• _INFORMATION SHOWN_:
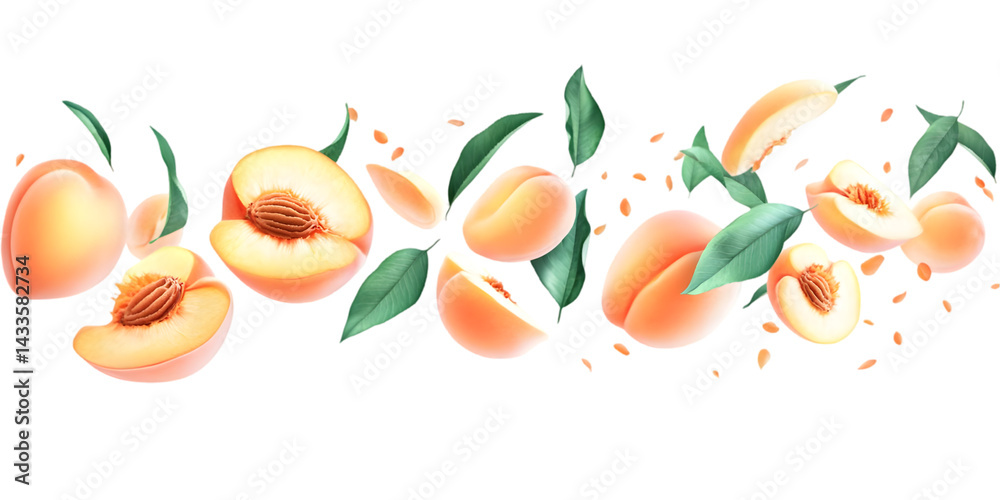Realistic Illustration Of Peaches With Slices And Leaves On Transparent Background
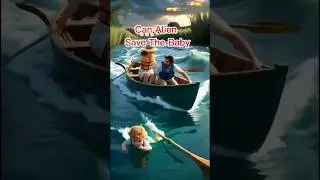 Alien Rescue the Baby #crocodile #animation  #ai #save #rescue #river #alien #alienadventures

...

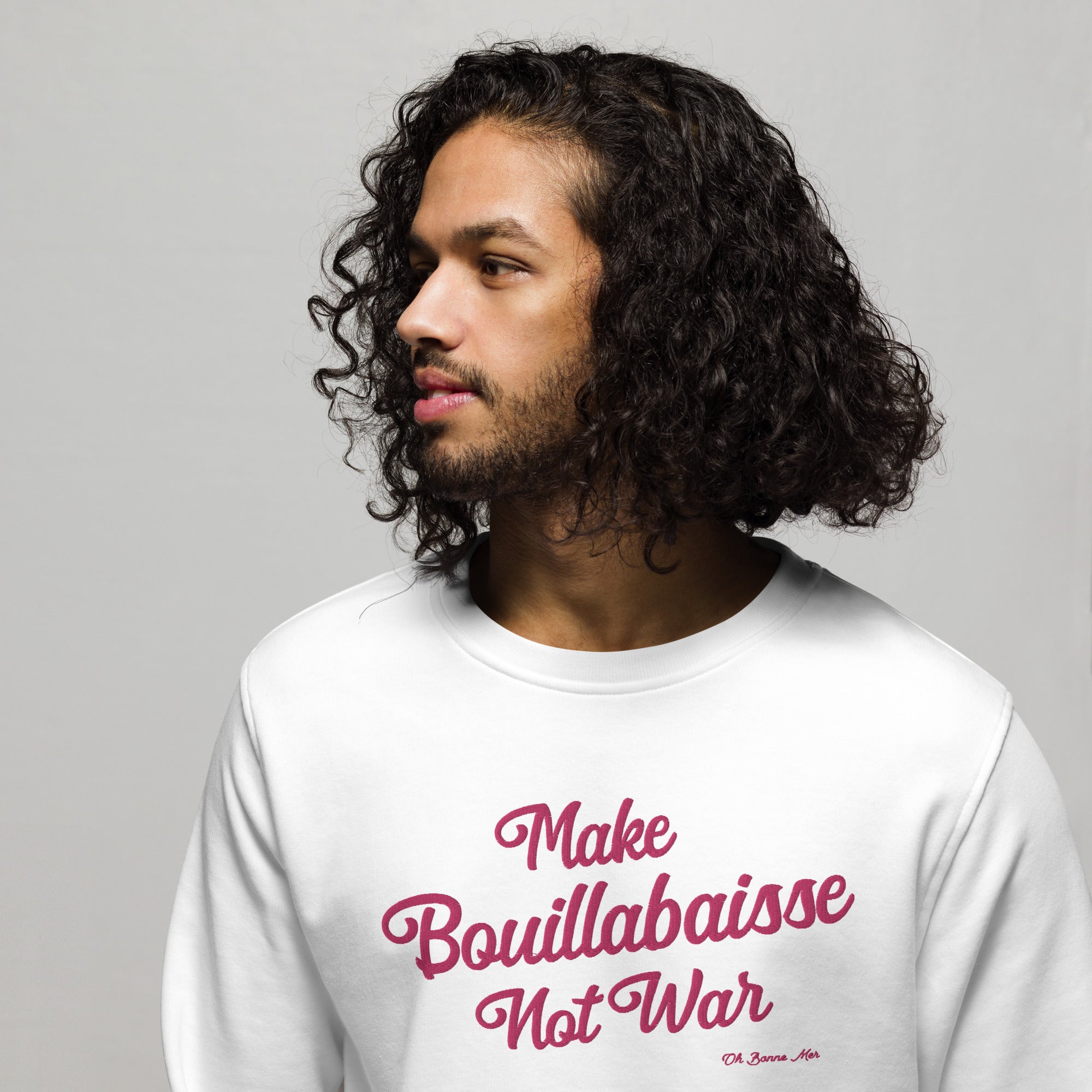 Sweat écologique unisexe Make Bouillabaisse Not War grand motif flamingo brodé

==

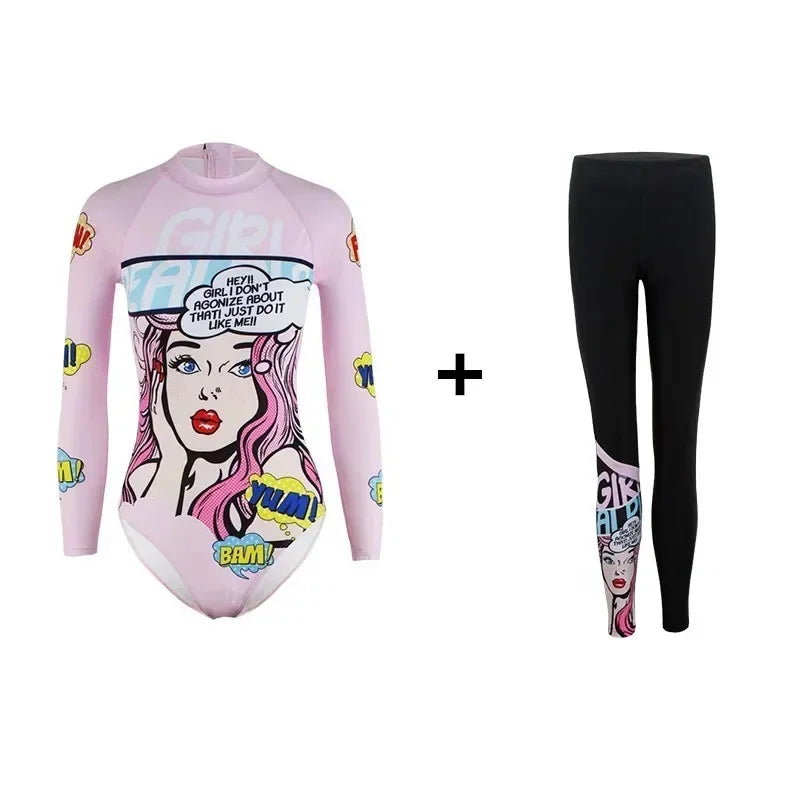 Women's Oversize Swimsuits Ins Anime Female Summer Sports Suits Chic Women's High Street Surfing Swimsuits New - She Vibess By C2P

• _THE TASK_: Your copy should hold only the lines above from the one containing "Realistic Illustration Of" through the one containing "Alien Rescue the", exactly as written and free of pictures.

• _TASK ANSWER_:
Realistic Illustration Of Peaches With Slices And Leaves On Transparent Background
 Alien Rescue the Baby #crocodile #animation  #ai #save #rescue #river #alien #alienadventures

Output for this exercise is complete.